CS 194-26 Project 5

Lightfield Camera Depth Refocusing and Aperature Adjustment with Light Field Data

Phoebe So

Overview

In this project, light field images from the Stanford Light Field Archieve were used to perform depth refocusing and aperature adjustment. By capturing multiple images of an object over a plane orthogonal to the optical axis of the camera, various effects can be produced with a light field camera.

Depth Refocusing

In this part, multiple images focused at different depths are generated by shifiting and averaging the lightfield camera's images. If all the images are averaged without shifting, the resulting image will focus on the top part of the image with everything else blurred. This is becuase the closer objects will vary in position more as the camera moves, therefore resulting in a blurrier average. However, by shifting each image to a centralized reference multipled by a scalar, the depth of the focus of the averaged image can be changed.

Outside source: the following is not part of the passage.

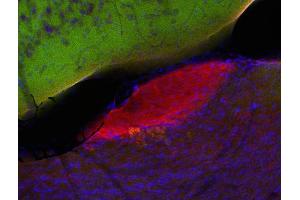 Indirect immunostaining of PFA fixed mouse brain section with anti-mint 1 (dilution 1 : 200; red) and mouse anti-synapsin (cat. (APBA1 antibody  (AA 2-265))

Images focused at different depths

Aperature Adjustment

To adjust the aperature, an effective radius that determined which images to shift and average was changed. Therefore, only images that have a camera grid coordinate within the radius will be shifted and included in the averaged. A large aperature was simulated by averaging over a larger set of images, and a small aperature was simulated by averaging over a smaller set of images (similar to how a real camera aperature operates!).

Images with different aperatures

Summary

This project reinforced by understanding of depth focusing and aperature adjustment, and demonstrated how images can be manipulated through fairly simple operations!